Au total, 84 députés ont pris part au vote : 56 % ont voté contre, 44 % ont voté en faveur, et 0 % se sont abstenus.
Infos
| Date | 17 juillet 2026 | |
| Type de vote | Amendement | |
| Dossier | Projet de loi relatif à la protection des enfants |
Résumé de l'amendement
Cet amendement vise à supprimer la limitation à 3 mois (renouvelable une fois) des séjours de rupture pour les adolescents en difficulté. Il permet aux professionnels de la protection de l'enfance d'adapter la durée de ces séjours selon les besoins spécifiques de chaque jeune et son projet éducatif.
Les auteurs de l'amendement estiment que fixer une durée maximale dans la loi ne correspond pas à la diversité des situations rencontrées et des projets éducatifs développés par les professionnels. Selon eux, les séjours de rupture constituent un outil éducatif utile voire déterminant pour les adolescents en grande difficulté, et leur durée doit pouvoir être adaptée cas par cas.
Ce texte est un résumé de l'exposé des motifs.
La position des groupes
Les votes des députés et des groupes
Exposé des motifs de l'amendement
L'objectif d'un amendement est de modifier ou d'ajouter une mesure d'un projet ou d'une proposition de loi. Le ou les députés qui rédigent l'amendement écrivent également un exposé des motifs.
Cet amendement supprime la limitation de durée des séjours de rupture à 3 mois, renouvelable une fois.
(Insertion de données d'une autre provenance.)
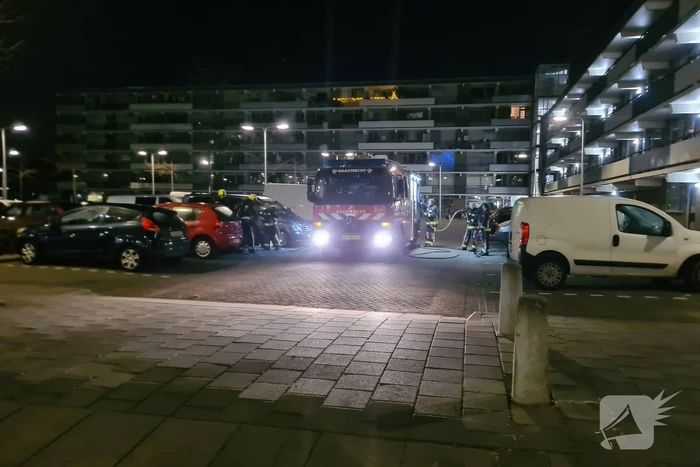 Meerdere voertuigen getroffen bij autobranden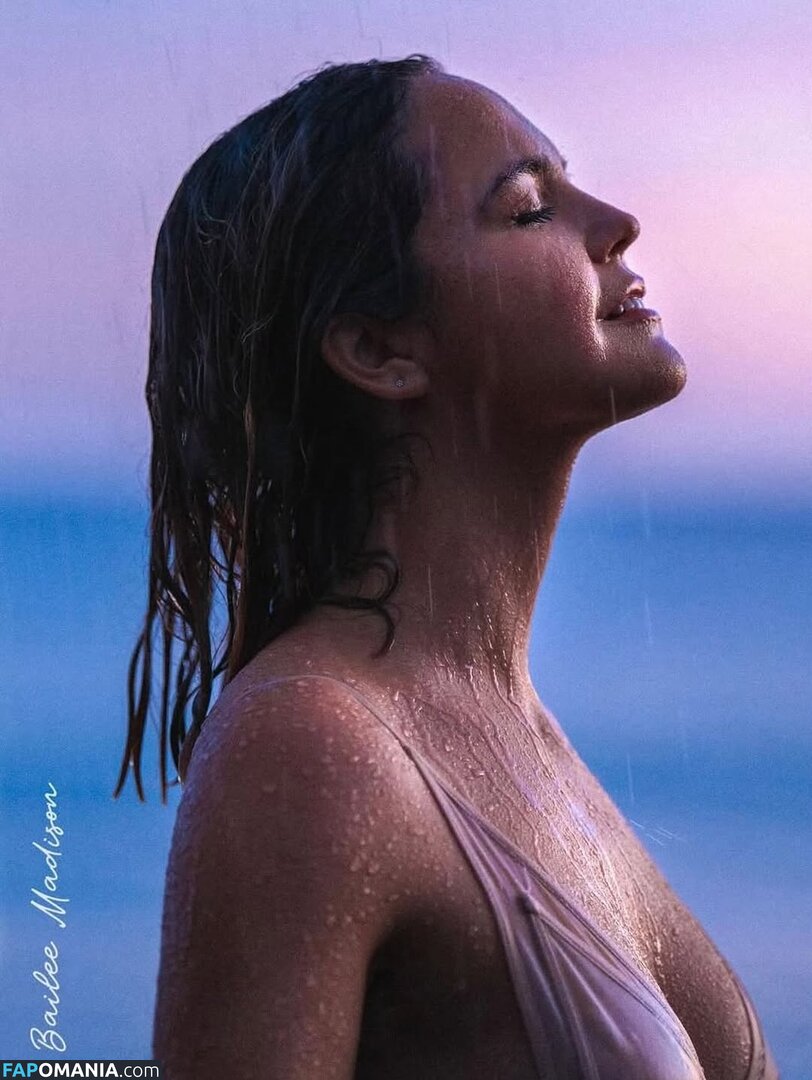 Bailee Madison / baileemadison / bailey_madis0n ヌード OnlyFans  流出写真 #9
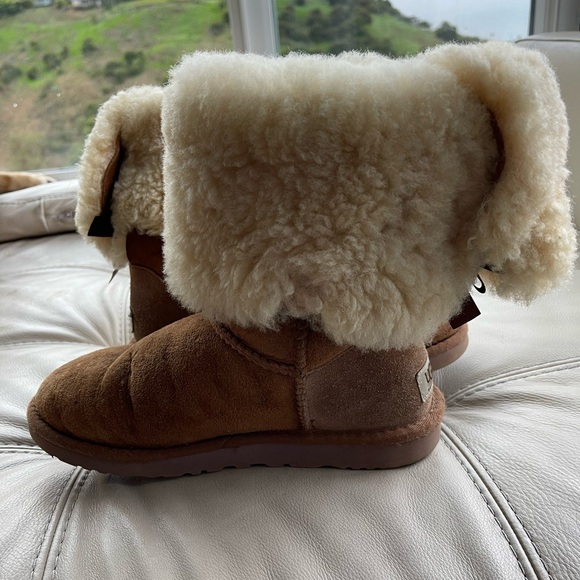 UGG Women's Tan and Cream Sheepskin Slippers - Picture 3 of 10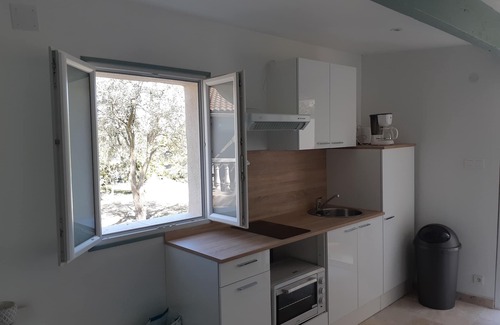 Caumont-sur-Durance House | Small flirtatious house
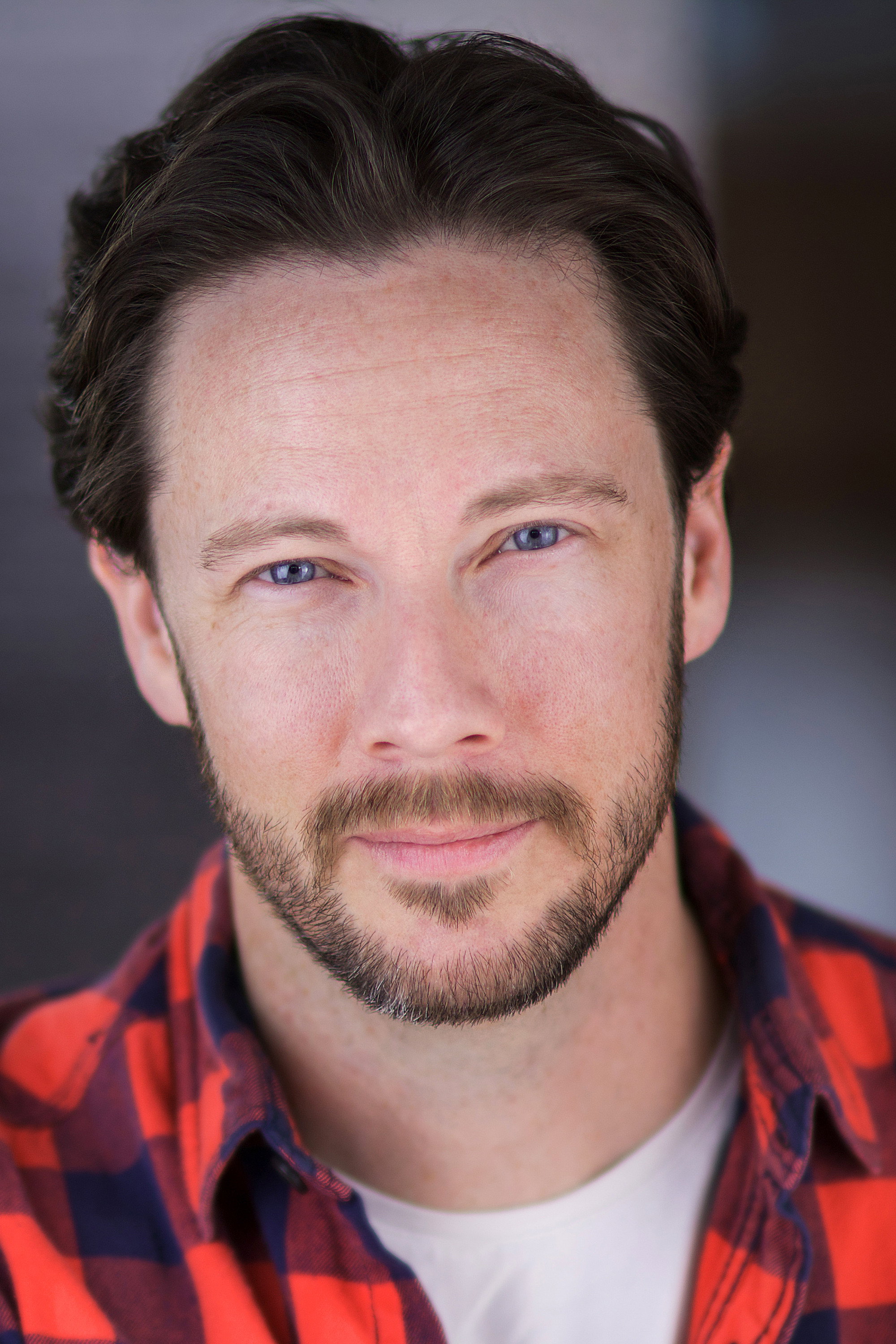 Benjamin J Stevens as Maxwell in Peppermint and Postcards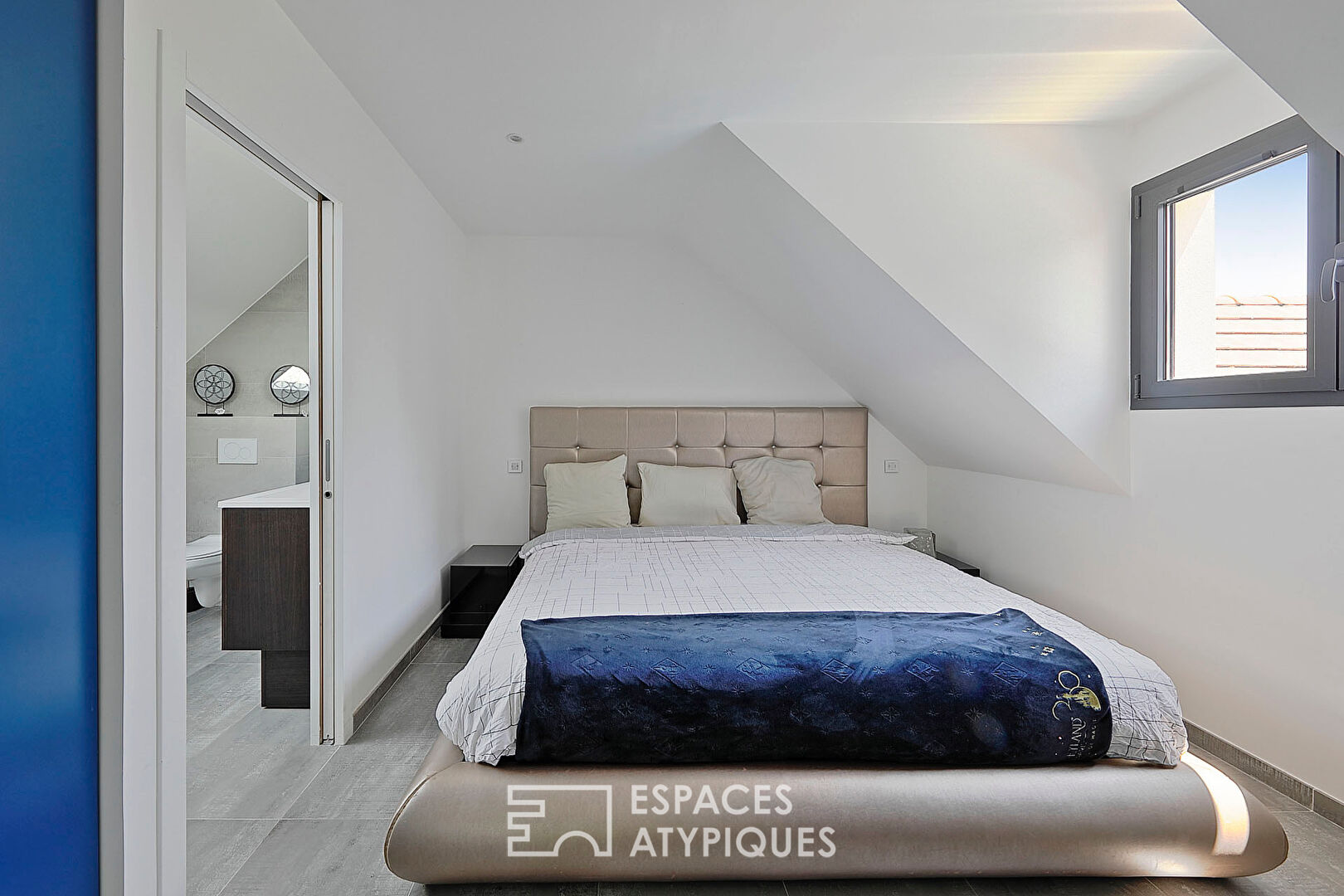 Maison d’architecte avec piscine et jardin paysager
S’il existe un consensus sur la nécessité de mieux encadrer ces dispositifs, dont la sécurisation juridique est appelée de longue date par les acteurs de la protection de l’enfance, ceux-ci constituent aussi, dans de nombreuses situations, un outil éducatif particulièrement utile, voire déterminant, pour des adolescents en grande difficulté.
Fixer dans la loi une durée maximale apparaît inadapté à la diversité des situations, des projets éducatifs et des pratiques développées par les associations. Certains séjours peuvent en effet nécessiter une durée plus longue pour produire un véritable effet éducatif. Le rapport de l’ONED de 2014 sur les séjours de rupture relève ainsi que ces accompagnements peuvent s’inscrire dans des temporalités de six mois à un an, selon le profil et le cheminement de l’adolescent.